After years of complaints regarding Microsoft's investigations of employee issues, an assessment will be made.
The review will be conducted by Arent Fox.
"We're committed not just to reviewing the report but learning from the assessment so we can continue to improve the experiences of our employees," Microsoft CEO Satya Nadella said in a statement. "I embrace this comprehensive review as an opportunity to continue to get better."
The assessment will compare Microsoft's handling of harassment to that of other companies, which goes beyond what was requested in the shareholder proposal led by Arjuna Capital. At the end of the third quarter, Arjuna had $17.5 million in Microsoft stock, its second-largest position.
Arent Fox will present a report to the board with suggestions, and management have stated that they would follow up with a plan of action to present to the board based on the recommendations. If necessary, the board intends to issue a public report on recommended changes to company culture.
Following claims that Bill Gates, Microsoft's co-founder and original CEO, had sought a sexual relationship with an employee in 2000, Nadella faced the matter in May.
A report about the issue was received by Microsoft, and a board committee investigated it.
Nadella emphasized that anyone may raise a complaint, even if it's two decades old, and the company will respond.

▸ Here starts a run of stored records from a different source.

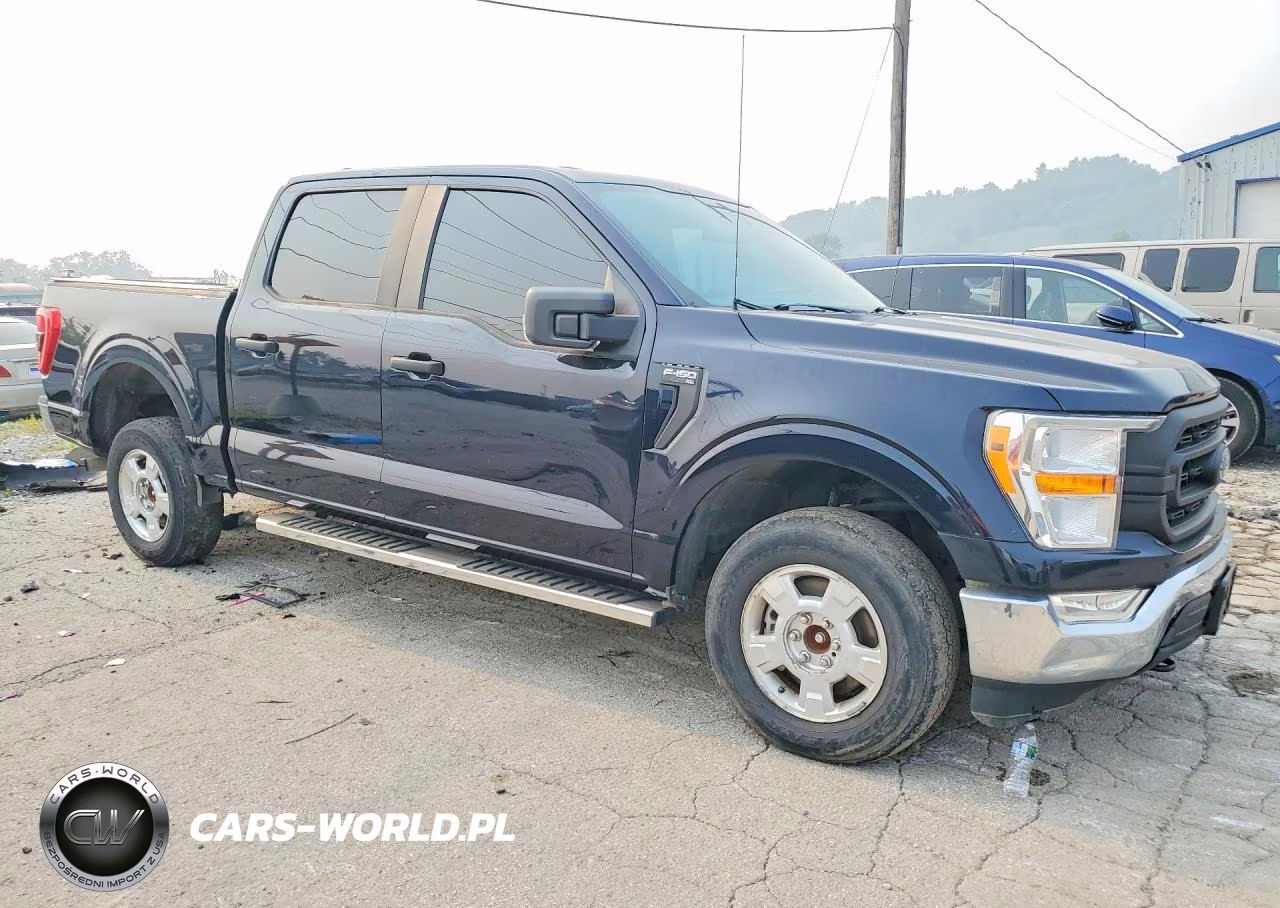 2021 Ford F150 Supercrew VIN:1FTFW1E55MFA67294 - 4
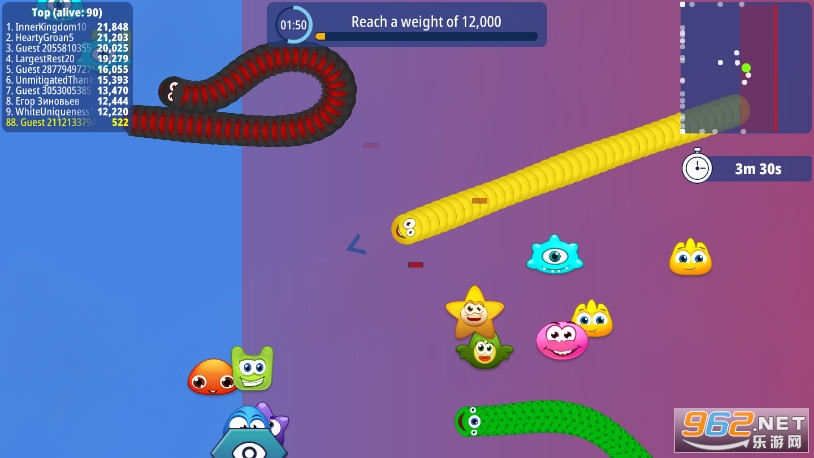 Worm Hunt - Battle Arena(���������Ϸ)v1.0.0 (Worm Hunt - Battle Arena)��ͼ3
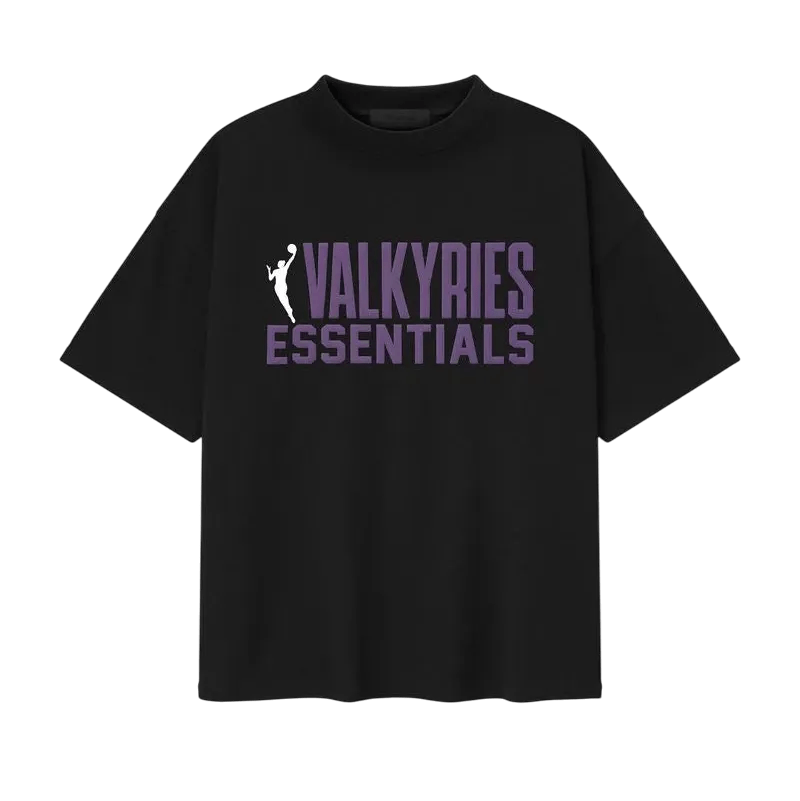 Fear of God Essentials Valkyries 90s Tee Vintage Black - Im Your Wardrobe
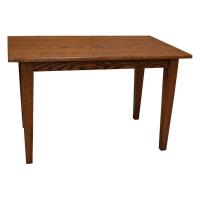Amish Harvest Shaker Dining Table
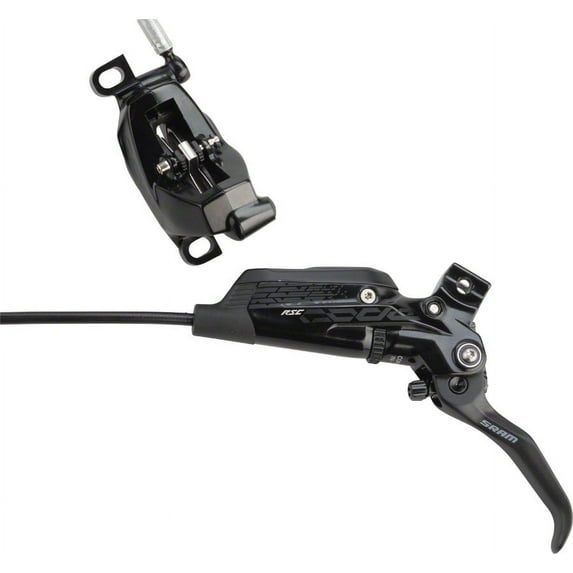 SRAM Code RSC Disc Brake and Lever - Front, Hydraulic, Post Mount, Black, A1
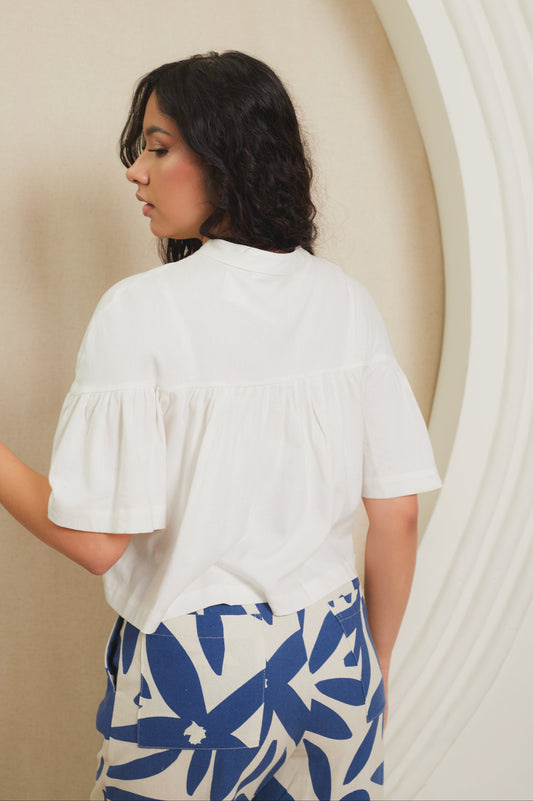 BLUSA MILA BLANCO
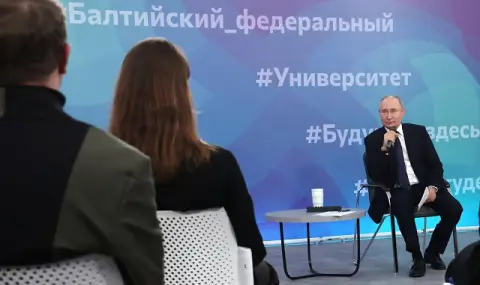 Изненадваща визита! Владимир Путин посети Калининград  - 1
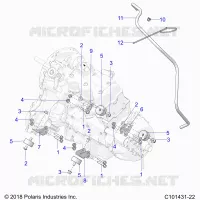 ENGINE, MOUNTING AND TRANSMISSION MOUNTING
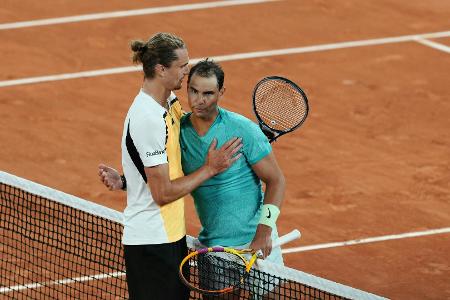 Zverev über Nadal-Abschied: 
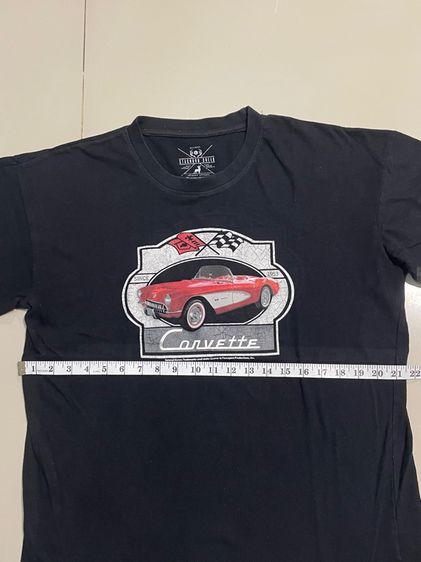เสื้อยืด CONVETTE รูปที่ 8
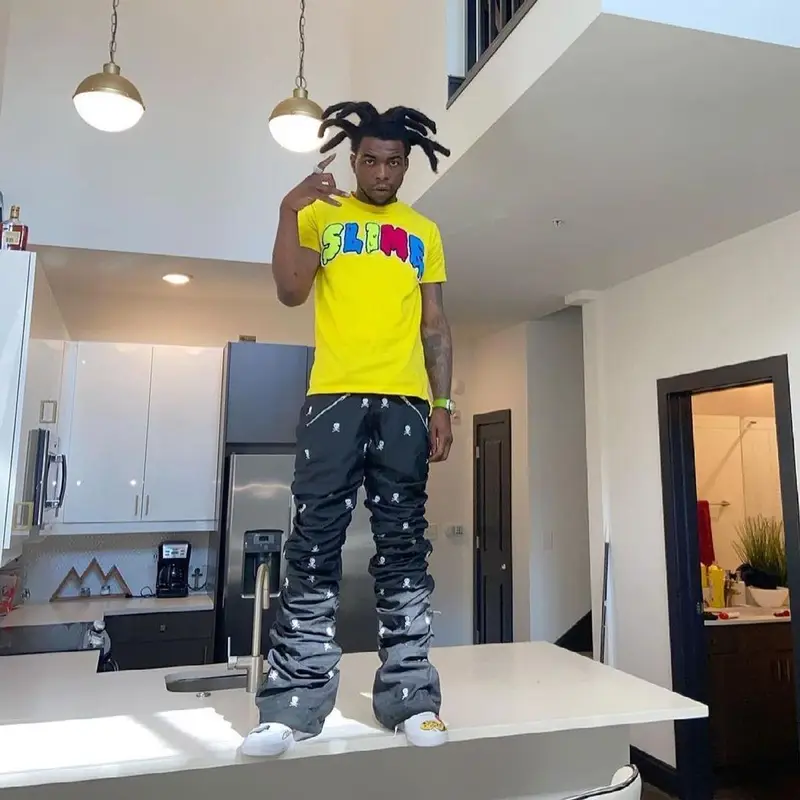 Yak Gotti outfit in Human Nature , 2021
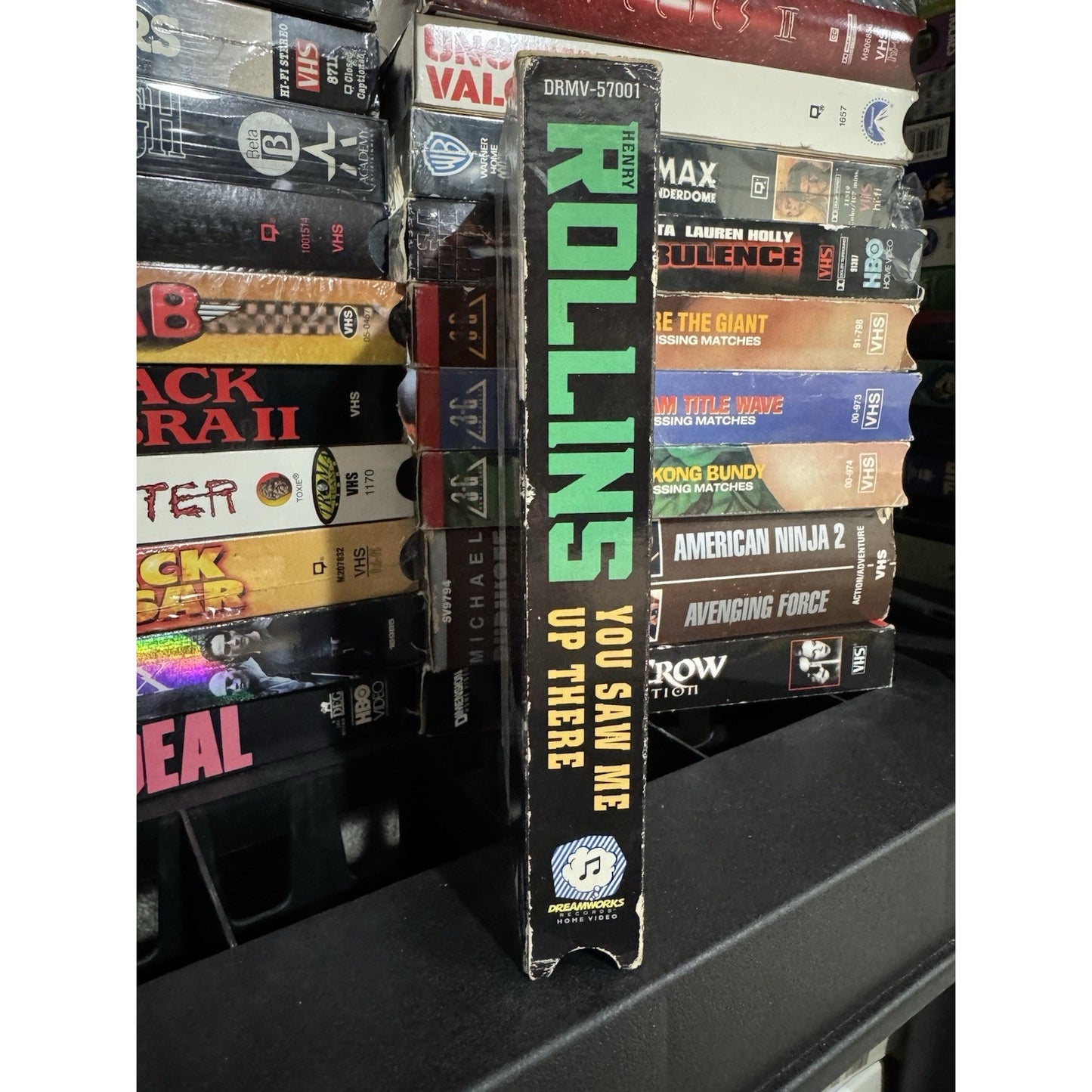 Henry Rollins, You Saw Me Up There - VHS Used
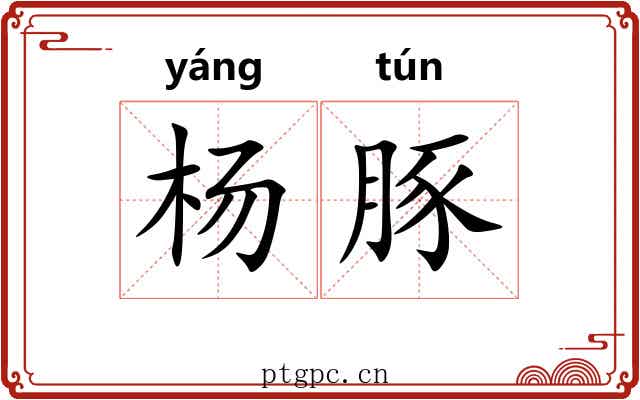 杨豚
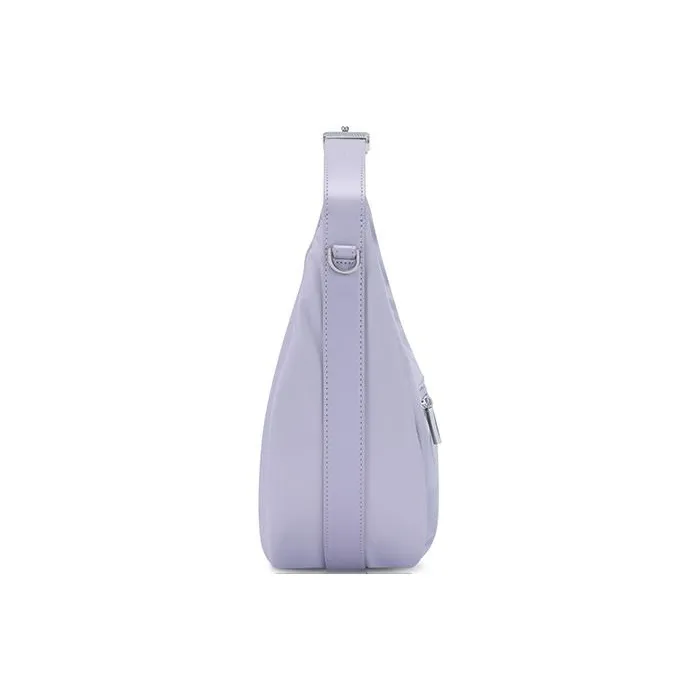 SAMSONITE Fabric With Synthetic Leather Shoulder Bag Handbag Shoulder Bag Women's Lilac-2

The Microsoft board of directors announced Thursday that its report will summarize the findings of investigations, including the one involving Gates.
Female employees' complaints of harassment and discrimination in a 2019 email chain, as well as the company's response, will be considered in the board report. The shareholder proposal alluded to a 2012 class-action lawsuit against Microsoft in which 238 employees alleged sexual harassment, in addition to the Gates case and the emails.
Former Microsoft employee Katie Moussouris claimed in a lawsuit dropped in 2020 that Microsoft had formed a pattern of sex discrimination against women in technical and engineering jobs. In her original 2015 complaint, she stated that she had complained in 2008 about a male director who was harassing other female employees.
Microsoft discovered this to be true, but reassigned him to a different part of the organization while allowing him to keep his title. Moussouris claimed she protested after the director retaliated against her by giving her a low bonus; he was eventually promoted, she claimed.
Gates left Microsoft's board in 2020.